== To do ==
Look through the records below and state how many lines carry the string "slaapkamers", adding nothing.

== Input material ==
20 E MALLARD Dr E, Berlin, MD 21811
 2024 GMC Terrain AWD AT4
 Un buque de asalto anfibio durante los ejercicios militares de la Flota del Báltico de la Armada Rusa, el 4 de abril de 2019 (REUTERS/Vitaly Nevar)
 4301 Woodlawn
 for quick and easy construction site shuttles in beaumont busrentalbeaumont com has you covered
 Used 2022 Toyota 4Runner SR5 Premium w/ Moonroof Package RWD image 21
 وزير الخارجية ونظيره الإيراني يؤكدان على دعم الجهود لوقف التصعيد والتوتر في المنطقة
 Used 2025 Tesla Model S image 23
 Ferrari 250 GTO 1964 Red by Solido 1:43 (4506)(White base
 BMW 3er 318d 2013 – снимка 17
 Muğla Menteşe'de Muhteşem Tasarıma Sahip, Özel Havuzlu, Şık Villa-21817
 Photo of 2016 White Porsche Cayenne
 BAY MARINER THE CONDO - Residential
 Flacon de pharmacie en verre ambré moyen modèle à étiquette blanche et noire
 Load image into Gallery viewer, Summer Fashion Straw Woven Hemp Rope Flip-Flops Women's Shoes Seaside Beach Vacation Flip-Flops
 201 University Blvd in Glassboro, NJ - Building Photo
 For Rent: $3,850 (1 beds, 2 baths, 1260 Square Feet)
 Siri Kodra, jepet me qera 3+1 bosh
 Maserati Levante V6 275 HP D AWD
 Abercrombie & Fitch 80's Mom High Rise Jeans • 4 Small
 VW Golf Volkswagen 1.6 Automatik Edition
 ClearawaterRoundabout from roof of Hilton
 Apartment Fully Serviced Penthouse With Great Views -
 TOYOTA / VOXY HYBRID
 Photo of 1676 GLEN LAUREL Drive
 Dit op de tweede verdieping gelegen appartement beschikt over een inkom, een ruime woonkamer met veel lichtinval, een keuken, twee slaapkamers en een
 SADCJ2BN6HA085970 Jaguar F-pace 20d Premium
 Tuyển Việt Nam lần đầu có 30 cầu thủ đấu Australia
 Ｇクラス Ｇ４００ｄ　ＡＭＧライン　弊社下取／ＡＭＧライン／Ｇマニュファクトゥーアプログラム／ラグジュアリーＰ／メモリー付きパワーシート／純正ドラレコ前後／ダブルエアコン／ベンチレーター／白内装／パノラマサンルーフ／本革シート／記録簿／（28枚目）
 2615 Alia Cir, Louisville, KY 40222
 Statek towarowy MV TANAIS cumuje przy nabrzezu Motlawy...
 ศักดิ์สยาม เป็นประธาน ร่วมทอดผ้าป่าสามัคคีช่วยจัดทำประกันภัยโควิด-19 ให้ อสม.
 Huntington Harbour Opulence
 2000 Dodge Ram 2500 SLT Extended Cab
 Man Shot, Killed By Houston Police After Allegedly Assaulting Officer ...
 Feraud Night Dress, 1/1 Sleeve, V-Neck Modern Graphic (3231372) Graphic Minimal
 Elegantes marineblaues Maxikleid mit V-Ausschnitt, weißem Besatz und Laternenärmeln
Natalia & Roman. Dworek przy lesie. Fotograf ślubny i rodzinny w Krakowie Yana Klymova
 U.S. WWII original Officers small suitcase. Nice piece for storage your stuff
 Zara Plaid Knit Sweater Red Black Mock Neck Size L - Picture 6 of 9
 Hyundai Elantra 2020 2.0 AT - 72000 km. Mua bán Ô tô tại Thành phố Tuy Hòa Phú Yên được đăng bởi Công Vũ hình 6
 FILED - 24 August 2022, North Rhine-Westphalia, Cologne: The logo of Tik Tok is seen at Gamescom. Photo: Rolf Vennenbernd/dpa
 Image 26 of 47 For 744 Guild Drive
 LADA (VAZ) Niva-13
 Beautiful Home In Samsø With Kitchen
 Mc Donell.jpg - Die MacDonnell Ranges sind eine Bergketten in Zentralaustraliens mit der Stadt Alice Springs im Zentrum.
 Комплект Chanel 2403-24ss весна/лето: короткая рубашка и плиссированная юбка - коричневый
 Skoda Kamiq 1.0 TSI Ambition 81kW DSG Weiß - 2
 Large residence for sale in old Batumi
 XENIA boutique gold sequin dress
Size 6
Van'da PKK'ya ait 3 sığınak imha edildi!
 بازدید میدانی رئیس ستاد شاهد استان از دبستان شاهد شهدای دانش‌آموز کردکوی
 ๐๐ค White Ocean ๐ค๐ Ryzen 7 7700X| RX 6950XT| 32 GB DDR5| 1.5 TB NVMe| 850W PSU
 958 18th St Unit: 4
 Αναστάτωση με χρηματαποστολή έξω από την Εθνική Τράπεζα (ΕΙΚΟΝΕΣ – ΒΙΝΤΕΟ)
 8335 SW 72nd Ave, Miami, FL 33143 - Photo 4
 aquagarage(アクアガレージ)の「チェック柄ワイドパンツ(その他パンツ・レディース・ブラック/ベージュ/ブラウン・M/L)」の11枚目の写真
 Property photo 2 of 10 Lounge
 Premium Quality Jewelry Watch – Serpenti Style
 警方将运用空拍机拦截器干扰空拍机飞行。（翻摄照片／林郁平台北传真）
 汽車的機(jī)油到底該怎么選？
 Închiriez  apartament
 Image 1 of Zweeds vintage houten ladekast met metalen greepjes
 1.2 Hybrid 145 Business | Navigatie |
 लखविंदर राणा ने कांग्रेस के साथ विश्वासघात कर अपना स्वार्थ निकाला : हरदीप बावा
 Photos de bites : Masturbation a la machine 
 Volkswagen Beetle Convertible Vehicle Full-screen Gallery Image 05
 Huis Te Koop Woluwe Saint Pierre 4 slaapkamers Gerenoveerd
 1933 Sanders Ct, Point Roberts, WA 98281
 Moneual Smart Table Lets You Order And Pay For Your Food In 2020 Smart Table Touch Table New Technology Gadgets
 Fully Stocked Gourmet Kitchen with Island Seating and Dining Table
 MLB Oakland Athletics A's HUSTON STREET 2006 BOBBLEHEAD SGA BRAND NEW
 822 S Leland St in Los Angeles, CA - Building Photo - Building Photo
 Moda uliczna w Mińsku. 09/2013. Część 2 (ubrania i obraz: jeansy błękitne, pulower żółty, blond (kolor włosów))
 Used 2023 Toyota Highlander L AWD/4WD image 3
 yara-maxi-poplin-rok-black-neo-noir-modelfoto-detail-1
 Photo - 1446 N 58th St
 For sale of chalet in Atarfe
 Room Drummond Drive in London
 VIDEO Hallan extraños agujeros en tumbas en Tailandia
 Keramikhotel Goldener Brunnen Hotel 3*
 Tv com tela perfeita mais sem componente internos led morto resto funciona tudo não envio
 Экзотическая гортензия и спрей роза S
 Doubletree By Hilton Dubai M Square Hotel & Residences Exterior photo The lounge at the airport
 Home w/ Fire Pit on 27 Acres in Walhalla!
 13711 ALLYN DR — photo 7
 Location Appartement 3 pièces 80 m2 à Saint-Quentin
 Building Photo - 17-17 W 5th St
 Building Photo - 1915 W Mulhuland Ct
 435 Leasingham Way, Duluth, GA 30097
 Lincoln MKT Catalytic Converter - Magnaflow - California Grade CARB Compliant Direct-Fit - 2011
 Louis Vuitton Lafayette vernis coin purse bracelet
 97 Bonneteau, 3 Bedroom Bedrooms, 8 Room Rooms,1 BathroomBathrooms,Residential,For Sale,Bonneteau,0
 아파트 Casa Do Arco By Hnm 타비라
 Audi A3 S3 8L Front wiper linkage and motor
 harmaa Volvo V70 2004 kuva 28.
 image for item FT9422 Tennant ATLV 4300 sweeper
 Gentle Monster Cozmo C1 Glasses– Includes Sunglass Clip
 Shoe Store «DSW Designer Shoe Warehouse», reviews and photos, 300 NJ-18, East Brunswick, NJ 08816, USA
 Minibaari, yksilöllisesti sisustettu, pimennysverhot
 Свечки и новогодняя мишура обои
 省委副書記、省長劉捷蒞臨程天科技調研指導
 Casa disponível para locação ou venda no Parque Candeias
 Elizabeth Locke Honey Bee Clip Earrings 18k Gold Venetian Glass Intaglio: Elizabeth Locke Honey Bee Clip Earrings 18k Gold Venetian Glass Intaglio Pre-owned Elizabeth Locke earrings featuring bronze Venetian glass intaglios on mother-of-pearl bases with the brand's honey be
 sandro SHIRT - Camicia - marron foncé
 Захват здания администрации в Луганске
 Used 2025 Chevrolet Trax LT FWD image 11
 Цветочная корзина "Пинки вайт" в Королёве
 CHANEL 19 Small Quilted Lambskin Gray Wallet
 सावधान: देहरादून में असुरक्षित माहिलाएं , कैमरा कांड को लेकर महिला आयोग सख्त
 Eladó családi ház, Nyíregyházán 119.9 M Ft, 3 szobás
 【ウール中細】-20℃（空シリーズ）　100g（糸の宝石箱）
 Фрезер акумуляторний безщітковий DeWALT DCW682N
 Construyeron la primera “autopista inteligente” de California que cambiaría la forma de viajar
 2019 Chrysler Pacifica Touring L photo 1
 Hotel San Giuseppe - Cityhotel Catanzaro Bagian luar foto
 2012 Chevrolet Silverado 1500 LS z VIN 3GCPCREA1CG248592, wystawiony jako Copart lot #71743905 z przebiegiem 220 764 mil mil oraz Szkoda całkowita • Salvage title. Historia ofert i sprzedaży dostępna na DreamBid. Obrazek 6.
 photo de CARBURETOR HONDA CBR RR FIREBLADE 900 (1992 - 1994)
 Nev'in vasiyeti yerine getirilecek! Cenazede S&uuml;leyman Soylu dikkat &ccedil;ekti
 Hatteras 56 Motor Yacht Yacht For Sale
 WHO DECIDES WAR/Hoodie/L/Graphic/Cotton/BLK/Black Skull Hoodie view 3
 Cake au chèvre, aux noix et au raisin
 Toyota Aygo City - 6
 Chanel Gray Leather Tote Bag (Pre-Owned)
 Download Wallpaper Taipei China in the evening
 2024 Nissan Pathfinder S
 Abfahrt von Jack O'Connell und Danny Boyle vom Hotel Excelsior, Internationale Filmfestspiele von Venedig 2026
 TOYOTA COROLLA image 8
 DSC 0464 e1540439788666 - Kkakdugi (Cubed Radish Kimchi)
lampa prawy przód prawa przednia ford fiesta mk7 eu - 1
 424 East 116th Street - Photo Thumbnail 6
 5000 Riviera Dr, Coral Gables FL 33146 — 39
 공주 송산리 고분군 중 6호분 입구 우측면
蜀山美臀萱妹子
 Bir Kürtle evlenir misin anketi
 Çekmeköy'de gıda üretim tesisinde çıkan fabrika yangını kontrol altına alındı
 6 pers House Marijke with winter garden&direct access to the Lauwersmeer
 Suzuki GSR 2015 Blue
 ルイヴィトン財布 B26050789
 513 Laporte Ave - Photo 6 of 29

== Output of the exercise ==
2